ABOUT THIS EXERCISE: Once the line containing "物件内観写真15　(キッチン下収納)" is found in the records below, return it and each following line exactly, up to and including the line containing "The weather station", and nothing else.

INPUT Start Marker

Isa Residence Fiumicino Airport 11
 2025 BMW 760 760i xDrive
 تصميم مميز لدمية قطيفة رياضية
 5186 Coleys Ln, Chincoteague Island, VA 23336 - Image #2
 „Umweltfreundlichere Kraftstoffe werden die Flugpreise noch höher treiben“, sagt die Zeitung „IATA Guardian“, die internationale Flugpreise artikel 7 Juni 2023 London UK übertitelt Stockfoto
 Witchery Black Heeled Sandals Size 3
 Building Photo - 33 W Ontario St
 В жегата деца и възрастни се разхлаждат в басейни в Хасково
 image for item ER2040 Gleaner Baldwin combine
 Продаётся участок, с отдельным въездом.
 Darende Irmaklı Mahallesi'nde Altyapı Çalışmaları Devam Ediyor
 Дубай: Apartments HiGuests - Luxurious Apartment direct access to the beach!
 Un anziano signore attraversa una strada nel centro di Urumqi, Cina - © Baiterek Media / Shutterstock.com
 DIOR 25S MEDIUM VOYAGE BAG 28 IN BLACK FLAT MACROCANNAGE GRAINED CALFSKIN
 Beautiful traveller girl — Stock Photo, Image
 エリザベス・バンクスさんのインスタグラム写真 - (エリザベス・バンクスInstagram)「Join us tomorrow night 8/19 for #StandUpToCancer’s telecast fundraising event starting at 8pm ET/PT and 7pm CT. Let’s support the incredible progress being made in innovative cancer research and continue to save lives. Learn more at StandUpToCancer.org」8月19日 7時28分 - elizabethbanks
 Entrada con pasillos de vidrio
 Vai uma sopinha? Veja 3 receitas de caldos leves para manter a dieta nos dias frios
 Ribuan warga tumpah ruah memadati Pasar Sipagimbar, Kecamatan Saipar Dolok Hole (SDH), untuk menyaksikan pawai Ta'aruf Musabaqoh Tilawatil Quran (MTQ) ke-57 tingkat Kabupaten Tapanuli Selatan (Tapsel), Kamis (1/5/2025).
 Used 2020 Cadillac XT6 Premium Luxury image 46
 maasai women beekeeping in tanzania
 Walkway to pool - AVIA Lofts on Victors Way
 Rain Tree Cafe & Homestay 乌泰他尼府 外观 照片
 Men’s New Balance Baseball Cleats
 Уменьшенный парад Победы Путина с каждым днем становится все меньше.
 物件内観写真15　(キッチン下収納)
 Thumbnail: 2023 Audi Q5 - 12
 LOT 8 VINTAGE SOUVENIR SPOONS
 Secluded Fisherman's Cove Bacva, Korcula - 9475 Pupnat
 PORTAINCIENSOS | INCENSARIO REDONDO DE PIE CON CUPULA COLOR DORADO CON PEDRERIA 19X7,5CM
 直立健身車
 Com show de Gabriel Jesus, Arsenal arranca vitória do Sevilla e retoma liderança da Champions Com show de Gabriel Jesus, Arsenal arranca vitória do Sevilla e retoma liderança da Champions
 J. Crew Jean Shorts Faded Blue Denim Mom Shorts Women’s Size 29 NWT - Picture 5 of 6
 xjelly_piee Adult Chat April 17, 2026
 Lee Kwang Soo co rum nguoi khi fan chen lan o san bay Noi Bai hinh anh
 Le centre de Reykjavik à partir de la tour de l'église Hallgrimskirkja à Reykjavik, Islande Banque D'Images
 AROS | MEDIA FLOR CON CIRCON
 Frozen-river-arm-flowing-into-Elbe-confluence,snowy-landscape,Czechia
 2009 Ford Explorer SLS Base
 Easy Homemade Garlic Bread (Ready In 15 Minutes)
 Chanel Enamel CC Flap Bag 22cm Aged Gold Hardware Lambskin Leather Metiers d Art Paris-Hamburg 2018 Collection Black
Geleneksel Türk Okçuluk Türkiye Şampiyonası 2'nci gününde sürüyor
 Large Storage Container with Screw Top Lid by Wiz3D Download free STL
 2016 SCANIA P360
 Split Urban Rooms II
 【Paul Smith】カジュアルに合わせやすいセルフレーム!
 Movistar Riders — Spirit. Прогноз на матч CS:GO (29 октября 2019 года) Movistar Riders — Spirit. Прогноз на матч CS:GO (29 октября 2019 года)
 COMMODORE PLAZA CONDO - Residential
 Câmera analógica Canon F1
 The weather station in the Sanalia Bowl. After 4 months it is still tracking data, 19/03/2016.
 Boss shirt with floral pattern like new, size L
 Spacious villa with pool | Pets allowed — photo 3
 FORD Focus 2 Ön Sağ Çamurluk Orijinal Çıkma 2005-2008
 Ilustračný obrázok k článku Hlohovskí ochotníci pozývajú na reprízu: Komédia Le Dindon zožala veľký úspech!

INPUT End Marker

SOLUTION FOR THIS PROBLEM:
 物件内観写真15　(キッチン下収納)
 Thumbnail: 2023 Audi Q5 - 12
 LOT 8 VINTAGE SOUVENIR SPOONS
 Secluded Fisherman's Cove Bacva, Korcula - 9475 Pupnat
 PORTAINCIENSOS | INCENSARIO REDONDO DE PIE CON CUPULA COLOR DORADO CON PEDRERIA 19X7,5CM
 直立健身車
 Com show de Gabriel Jesus, Arsenal arranca vitória do Sevilla e retoma liderança da Champions Com show de Gabriel Jesus, Arsenal arranca vitória do Sevilla e retoma liderança da Champions
 J. Crew Jean Shorts Faded Blue Denim Mom Shorts Women’s Size 29 NWT - Picture 5 of 6
 xjelly_piee Adult Chat April 17, 2026
 Lee Kwang Soo co rum nguoi khi fan chen lan o san bay Noi Bai hinh anh
 Le centre de Reykjavik à partir de la tour de l'église Hallgrimskirkja à Reykjavik, Islande Banque D'Images
 AROS | MEDIA FLOR CON CIRCON
 Frozen-river-arm-flowing-into-Elbe-confluence,snowy-landscape,Czechia
 2009 Ford Explorer SLS Base
 Easy Homemade Garlic Bread (Ready In 15 Minutes)
 Chanel Enamel CC Flap Bag 22cm Aged Gold Hardware Lambskin Leather Metiers d Art Paris-Hamburg 2018 Collection Black
Geleneksel Türk Okçuluk Türkiye Şampiyonası 2'nci gününde sürüyor
 Large Storage Container with Screw Top Lid by Wiz3D Download free STL
 2016 SCANIA P360
 Split Urban Rooms II
 【Paul Smith】カジュアルに合わせやすいセルフレーム!
 Movistar Riders — Spirit. Прогноз на матч CS:GO (29 октября 2019 года) Movistar Riders — Spirit. Прогноз на матч CS:GO (29 октября 2019 года)
 COMMODORE PLAZA CONDO - Residential
 Câmera analógica Canon F1
 The weather station in the Sanalia Bowl. After 4 months it is still tracking data, 19/03/2016.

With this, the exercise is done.